--- Input Enclosed Below ---

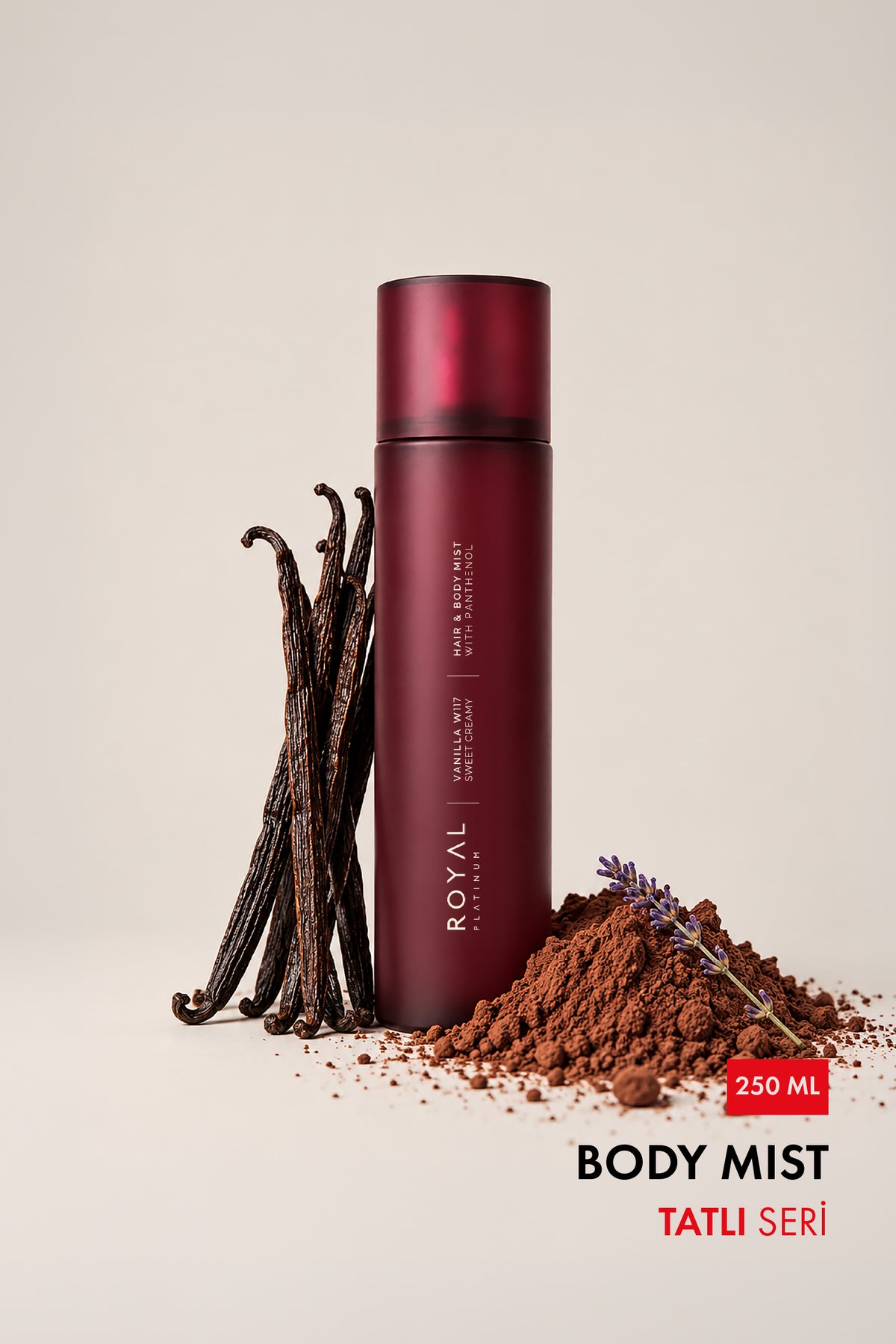 W117 Vanilla (Vücut ve Saç Spreyi) EDP 250 ML | Vanilya Serisi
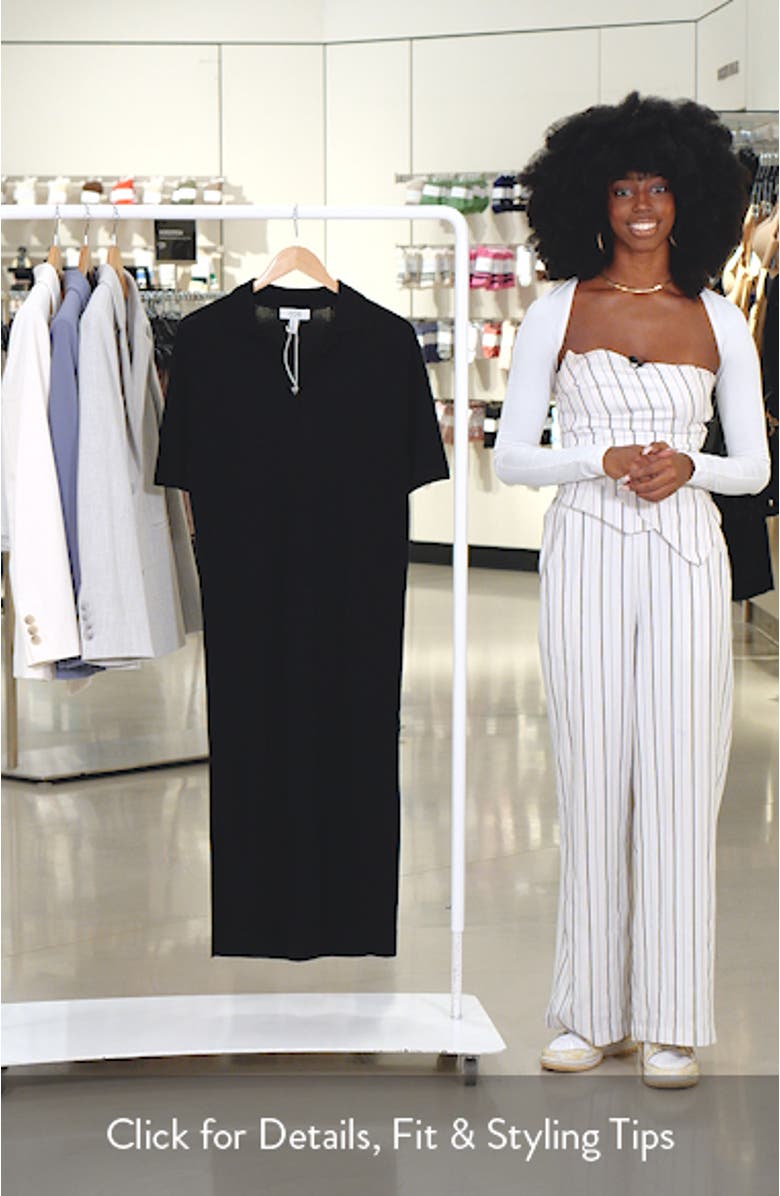 Merino Wool Polo Dress, sales video thumbnail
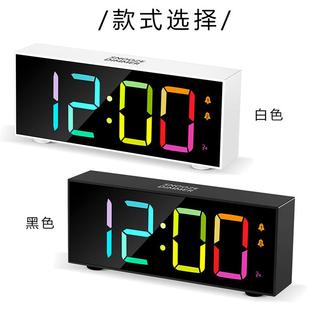 时现代简约彩儿童亚电子闹钟学生家用床头GTZ8813C钟表马逊LED全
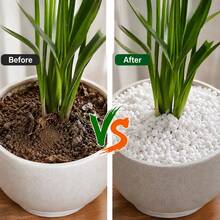 200/400/800g Natürliche weiße Mini-Kieselsteine, 0,6-0,9cm, Mehrzweck-Gartenschotter, geeignet für Kakteen, Bonsai, Terrarien und Feengärten, ideal für DIY-Bastelarbeiten, Glasvasen-Füllmaterial und Heimdekoration - kleine Steine - Übersicht 5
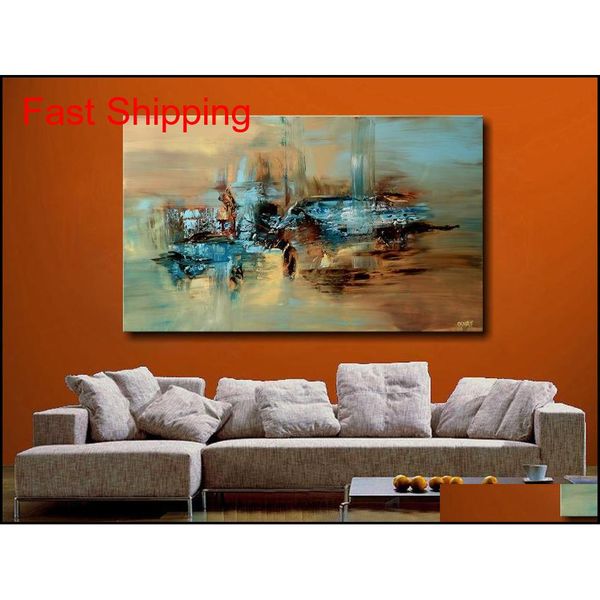 

handmade abstract canvas painting bright color modern wall canvas art for living room bedroom pai qylxop bde_luck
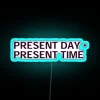 Vintage Futuristic Neon Sign Present Day Present Time Lain Inspired Art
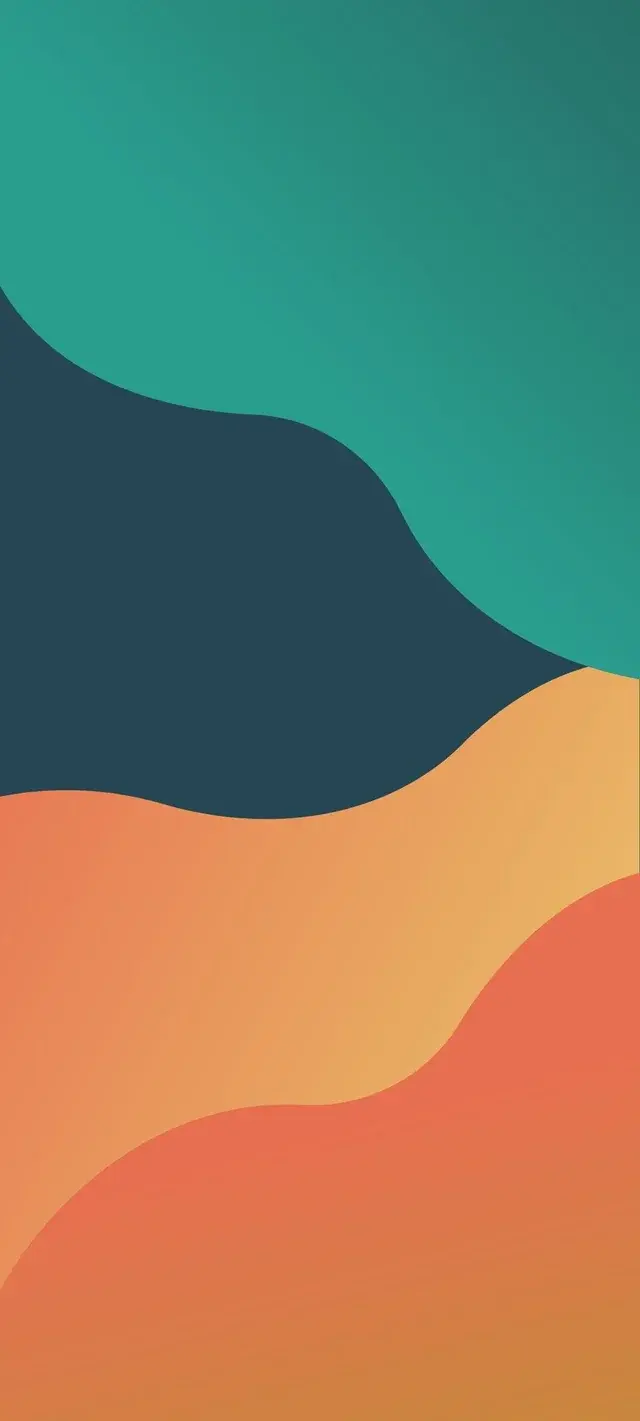 Multi Color Waves Simple Gradient Best Wallpaper For Apple IPhone 16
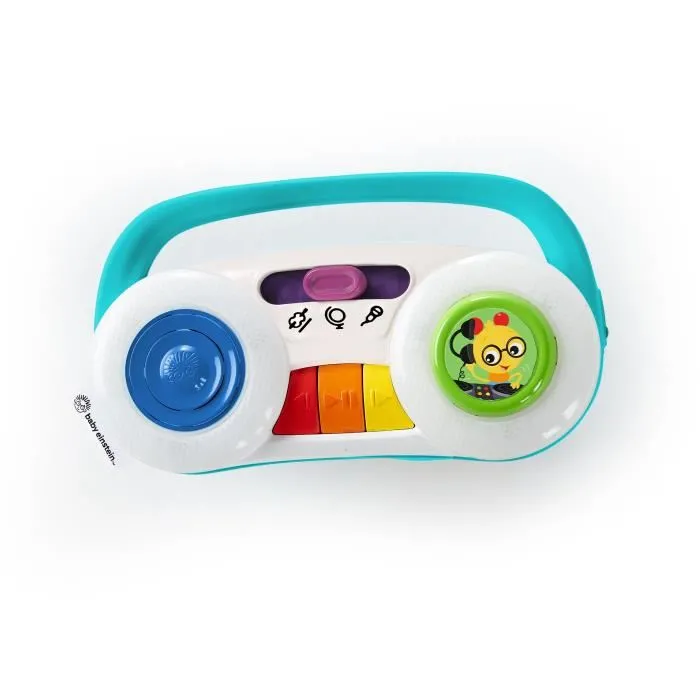 Baby Einstein Juguete Musical Infant Jam BAB0074451120426 para Bebés de 12 Meses, Azul, Melodías del Mundo 2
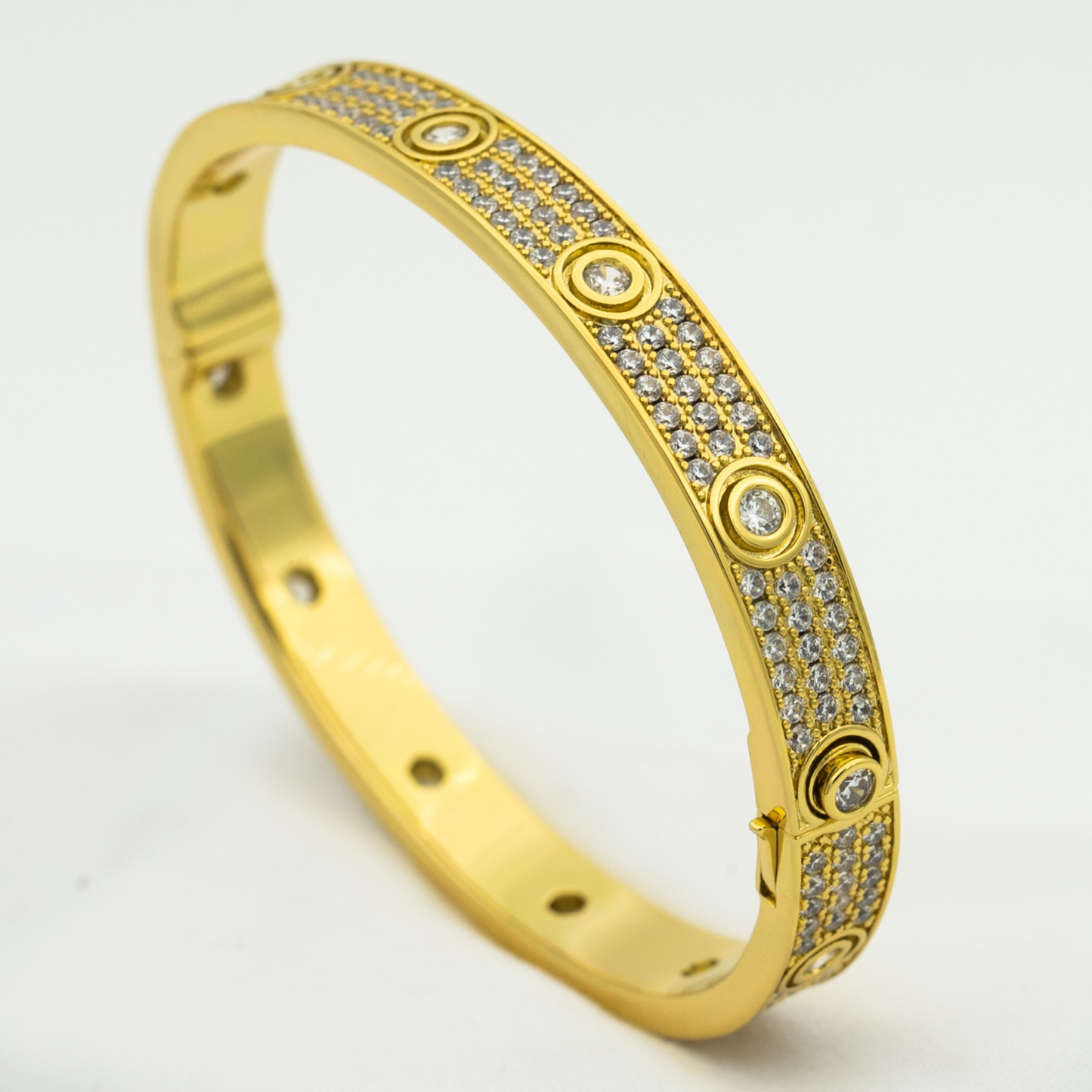 [Glimmer]LOVE BRACELET 6.1MM DIAMOND-PAVED 10 BIG DIAMONDS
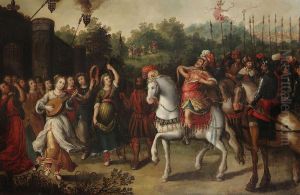 De Offerbelofte Van Jefta by Louis de Caullery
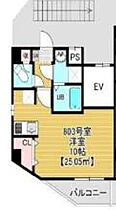 東京都台東区清川１丁目18-8（賃貸マンション1R・8階・25.05㎡） その2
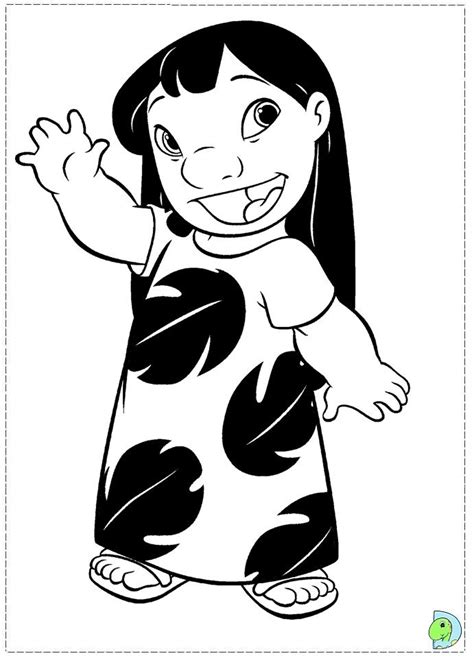 Lilo And Stitch Color Pages Free Printable Lilo And Stitch Coloring
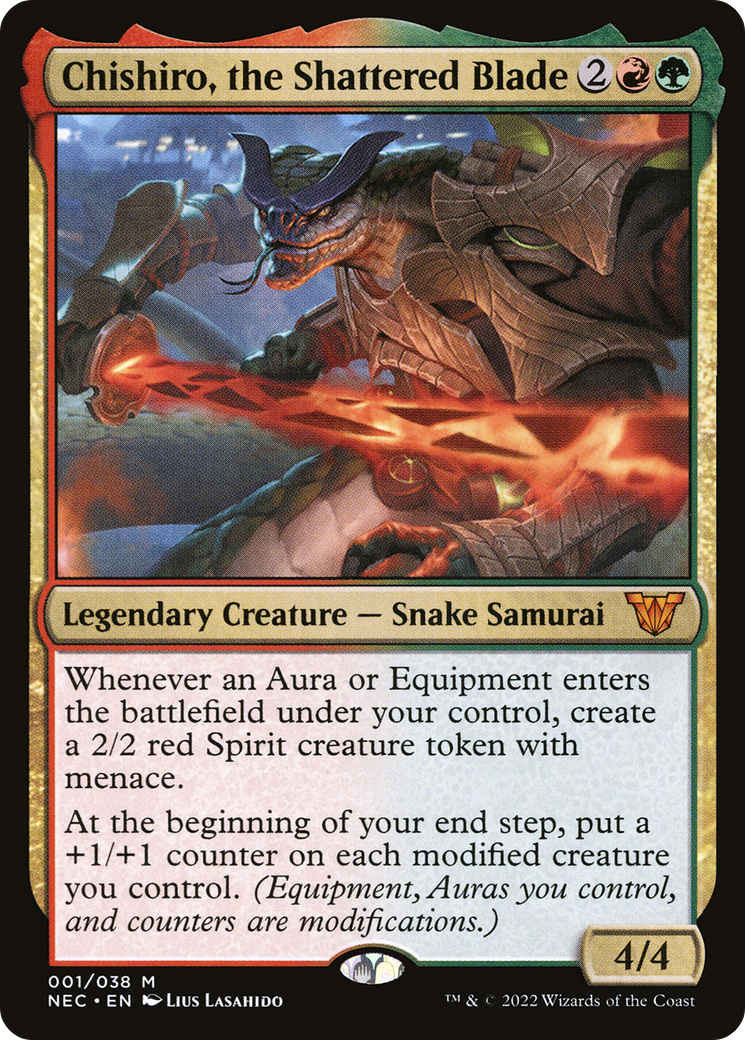 Chishiro, the Shattered Blade [Kamigawa: Neon Dynasty Commander]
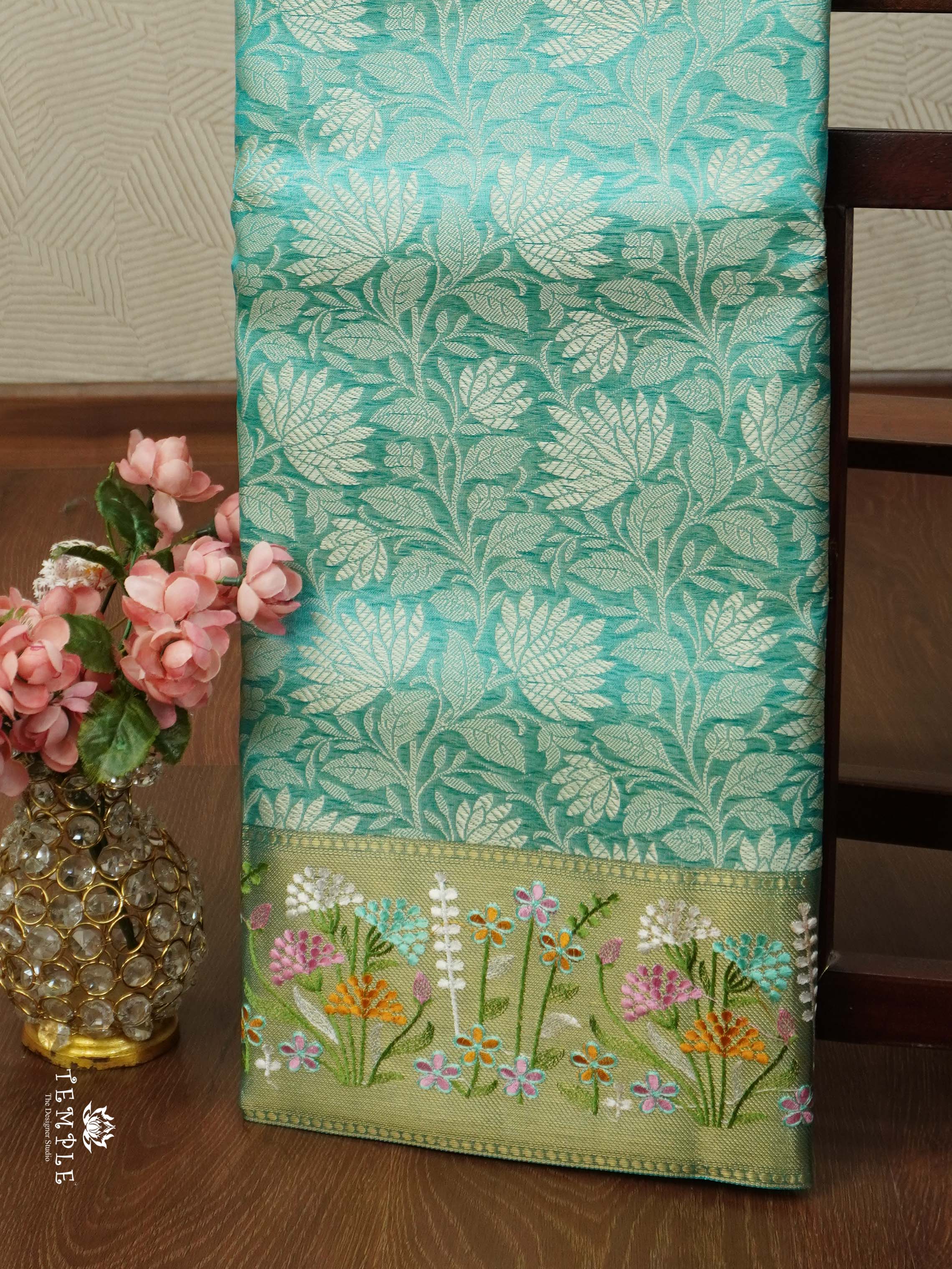 Banarasi Tissue Silk Saree(Sea Green) | TTDS2137 | PRE BOOKING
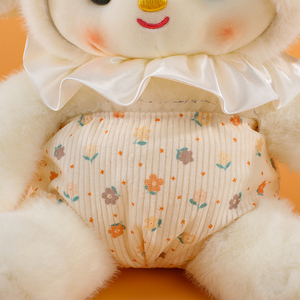 Nuovo Arrivo Creativo: Peluche di Pecora Cartoon '<span class=keywords><strong>Buonanotte</strong></span>', Morbido Giocattolo Calmante, Pupazzo di Agnello Imbottito con Espressioni Facciali Carine - Product Image 6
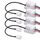 conecto Infrarot Bewegungsmelder Einbau innen Unterputz Mini klein Fast unsichtbar LED 360° Lichtsteuerung IP20 Dämmerungssensor (4er Set), weiß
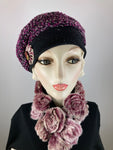 Womens Comfortable Slouchy Beret. Knit black pink burgundy Hat. Boho chic casual slouch hat. Ladies stylish travel hat. 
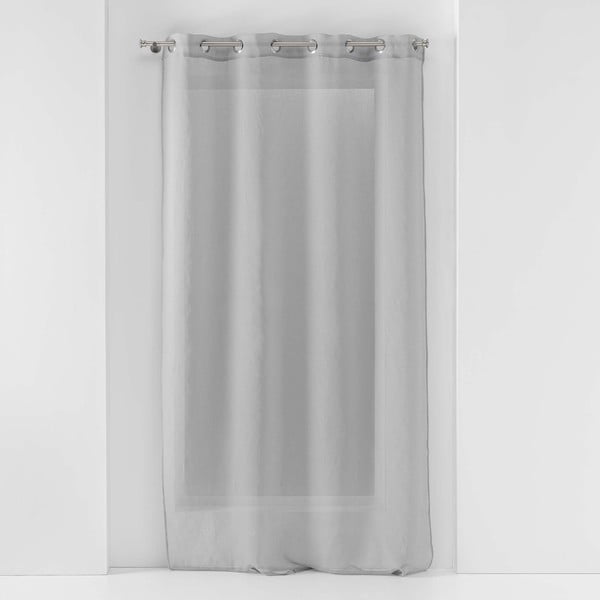 Tenda in voile grigio 140x280 cm Sandra - douceur d'intérieur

--- End of Enclosed Input ---

Only the lines from the line with "[Glimmer]LOVE BRACELET 6.1MM" through the end of the entries above, copied exactly and with both ends included, belong in the response; the pictures do not.

> Answer box
 [Glimmer]LOVE BRACELET 6.1MM DIAMOND-PAVED 10 BIG DIAMONDS
 De Offerbelofte Van Jefta by Louis de Caullery
 東京都台東区清川１丁目18-8（賃貸マンション1R・8階・25.05㎡） その2
 Lilo And Stitch Color Pages Free Printable Lilo And Stitch Coloring
 Chishiro, the Shattered Blade [Kamigawa: Neon Dynasty Commander]
 Banarasi Tissue Silk Saree(Sea Green) | TTDS2137 | PRE BOOKING
 Nuovo Arrivo Creativo: Peluche di Pecora Cartoon '<span class=keywords><strong>Buonanotte</strong></span>', Morbido Giocattolo Calmante, Pupazzo di Agnello Imbottito con Espressioni Facciali Carine - Product Image 6
 conecto Infrarot Bewegungsmelder Einbau innen Unterputz Mini klein Fast unsichtbar LED 360° Lichtsteuerung IP20 Dämmerungssensor (4er Set), weiß
 Womens Comfortable Slouchy Beret. Knit black pink burgundy Hat. Boho chic casual slouch hat. Ladies stylish travel hat. 
 Tenda in voile grigio 140x280 cm Sandra - douceur d'intérieur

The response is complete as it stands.